Vértigo, por su parte, es uno de los films más bellos, cautivadores, perturbadores y perfectos de la historia del cine. En él asistimos a una historia pasional compleja e inquietante, narrada fundamentalmente desde la óptica masculina.
Dividida en dos partes claramente diferenciadas, esta estructura, esta forma, coincide con la materia, con la historia que nos cuenta: dos mujeres; dos mujeres que son una… o una mujer que es dos. En realidad, tres, porque sobre las dos gravita el retrato, la presencia –casi encarnada- de una antepasada: Carlotta Valdés, primera mujer, que es creación de la segunda (Madeleine), que a su vez es creación de la tercera (Judy)[1].
Tres mujeres en una. Si leen el artículo de Freud El tema de la elección del cofrecillo (1913), entenderán enseguida el por qué. Para Freud, la segunda es un rodeo que comunica la primera con la tercera, para revelarnos finalmente que ambas son la Misma, que en realidad sólo hay Una. La segunda, de este modo queda, en un proceso metonímico infinito, relegada a la figura de la Otra. Esto que parece un acertijo nos revela la cifra verdadera de la mujer, la incógnita en la ecuación femenina, claro está, desde el punto de vista del cálculo masculino. Pero vayamos poco a poco para no perdernos.

DOS

Dos mujeres, decíamos. Pues bien, en Los mitos hebreos, Robert Graves y Raphael Patai recogen una antiquísima leyenda cabalística según la cual, Eva no fue la primera mujer de Adán. La primera fue Lilith, y la salió rana: era díscola, rebelde, ingobernable y ninfómana –se nos dice que concibió a Caín en relaciones sexuales con el Diablo, aprovechando que Adán se había quedado dormido. Lilith escapó finalmente a Egipto (tierra de corrupción y lujuria) porque no soportaba la esclavitud monogámica y patriarcal de la vida doméstica, y el aburrimiento del Edén. Al comprobar el desconsuelo de Adán, Yahvé le proporcionó a Eva, con la que vivió feliz el resto de sus días.

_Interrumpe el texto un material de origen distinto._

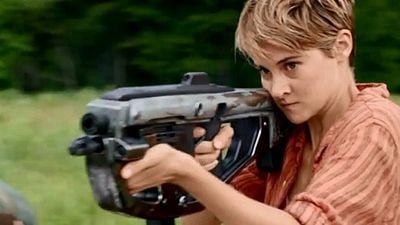 Imagem da notícia "Tempos sombrios pedem medidas extremas" e as coisas complicam para Tris no novo trailer de Insurgente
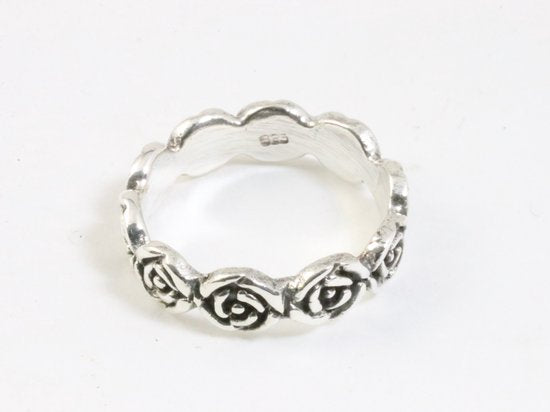 Fijne zilveren ring met roosjes afbeelding 2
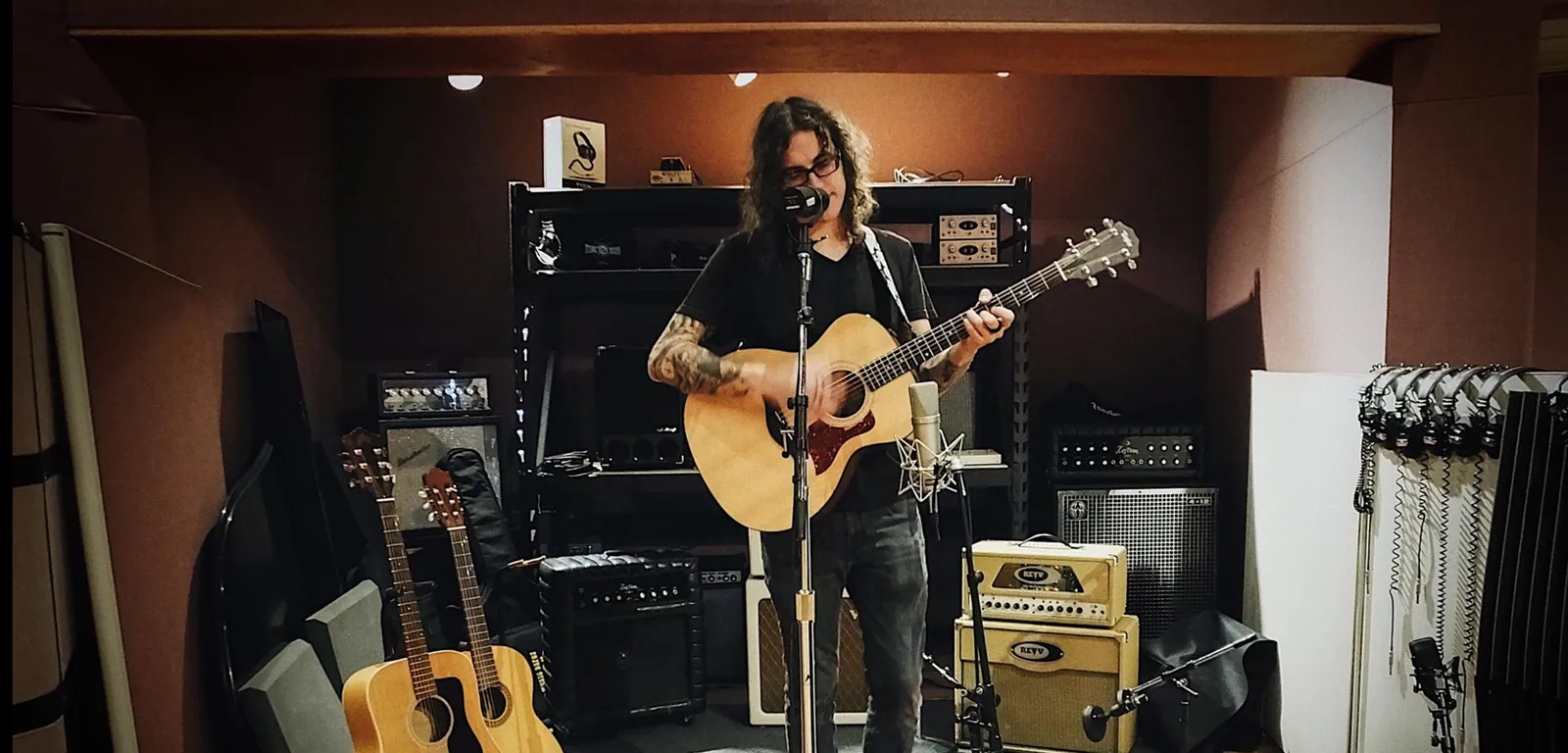 Michael Olivier – Tired Bones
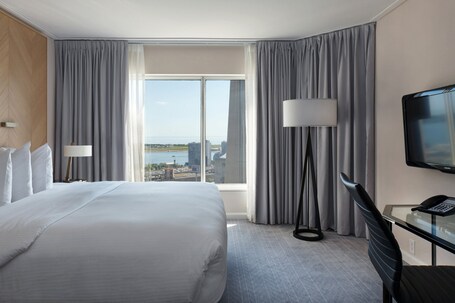 InterContinental Toronto Centre, an IHG Hotel - Image 137
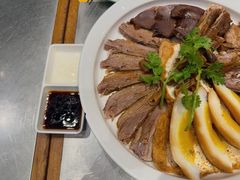 招牌卤狮头鹅七拼-潮界(凯德晶萃店)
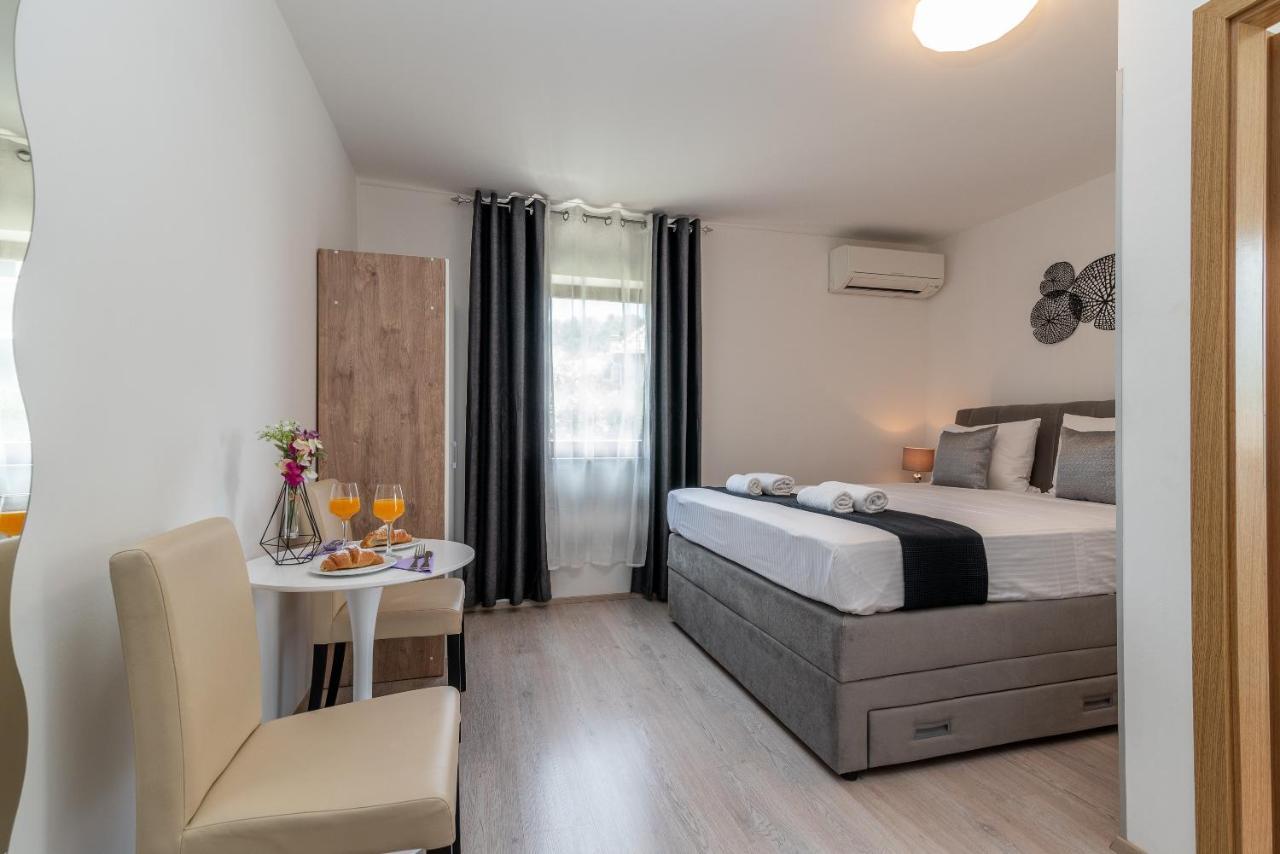 Apartments Bozan Трогир Экстерьер фото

Este es el relato mítico de la pareja conyugal, su génesis imaginaria. Pero vamos a la película: Gavin Elster tiene una mujer pero quiere huir con su amante, y para ello elabora un maquiavélico plan para deshacerse de la primera, plan que dispara el relato en Vértigo. Sólo sabemos al principio lo que le cuenta a Scottie: que su mujer se comporta de una forma extraña, incomprensible –vamos, una Lilith, sublimada, eso sí, casi dijéramos espiritualizada y, en todo caso, poseída por un espíritu que no es el conyugal. Ya tenemos, en el mismo planteamiento, a la mujer y la amante, Eva y Lilith, el objeto del amor y el objeto del deseo.

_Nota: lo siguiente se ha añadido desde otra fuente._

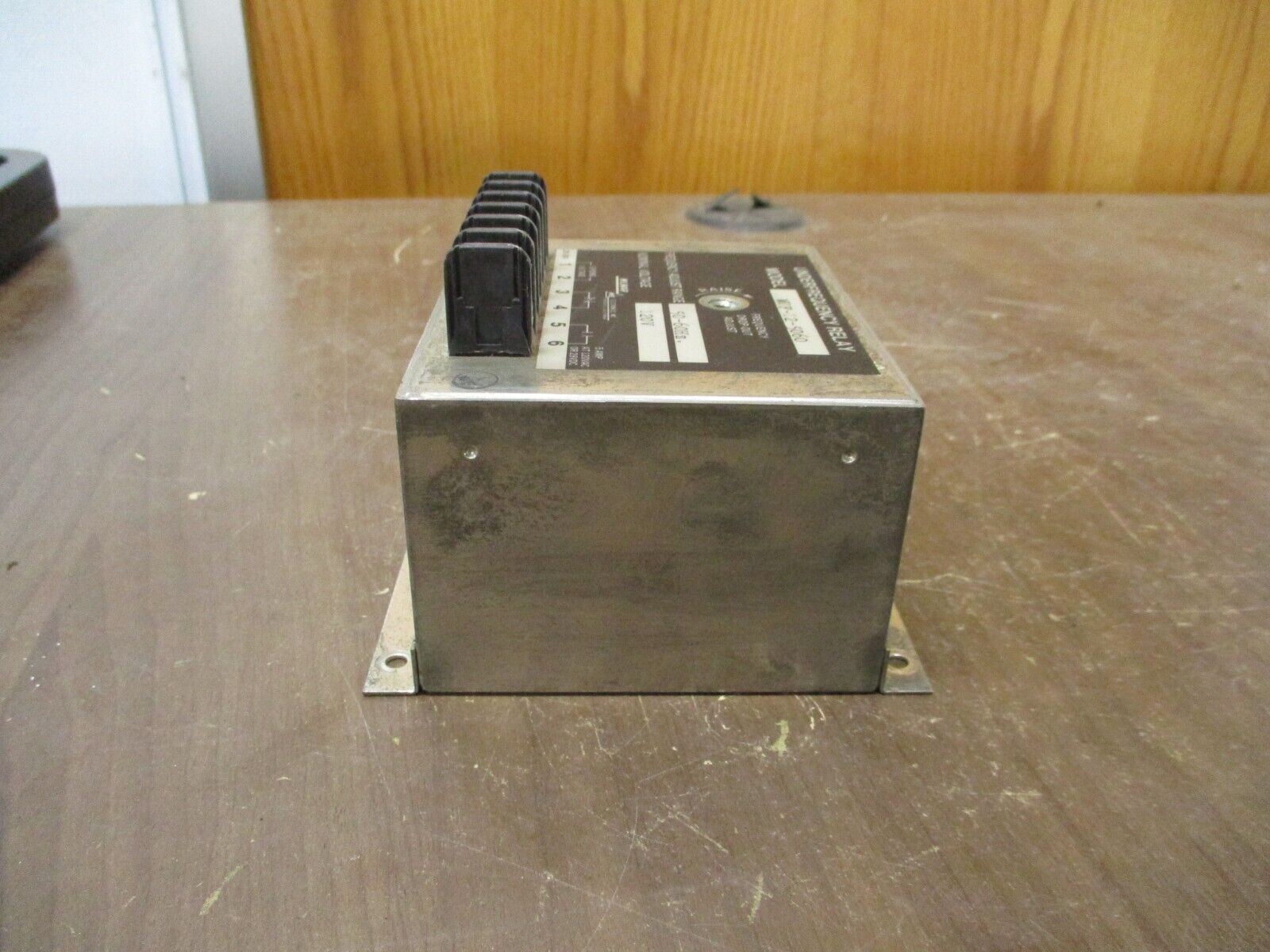 Wilmar Underfrequency Relay WUF-12-5060 120V Range: 50-60Hz Used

Elster le encarga a Scottie que siga a Madeleine. El protagonista queda fascinado por la mujer y se enamora de ella. Cuando ella muere, él queda desolado, vacío y –literalmente- catatónico... por no haber podido salvarla[2]. Es entonces cuando comienza una búsqueda obsesiva de Madeleine, búsqueda que finaliza al conocer a Judy –a la que, volvemos literalmente al refrán, “encuentra en la calle”.

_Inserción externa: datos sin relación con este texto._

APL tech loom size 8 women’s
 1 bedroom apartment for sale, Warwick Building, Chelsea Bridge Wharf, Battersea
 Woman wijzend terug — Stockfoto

Pero vamos a acercarnos más a estas mujeres que nos describe Vértigo, que nos describen el vértigo de Scottie.
Si Scottie es un hombre sencillo (ha sido policía, retirado ahora por su invalidez, debida a una dramática acrofobia), su encuentro con Judy resulta del todo verosímil: ella es una dependienta, una joven corriente y hasta un poco vulgar, aunque con un llamativo atractivo físico. Todo entra en el esquema general de una historia del tipo “chico conoce chica”, como gustaría de decir el propio Hitchcock. También resulta verosímil que este hombre corriente pueda sentirse fascinado por una mujer como Madeleine, sofisticada, espiritual y enigmática.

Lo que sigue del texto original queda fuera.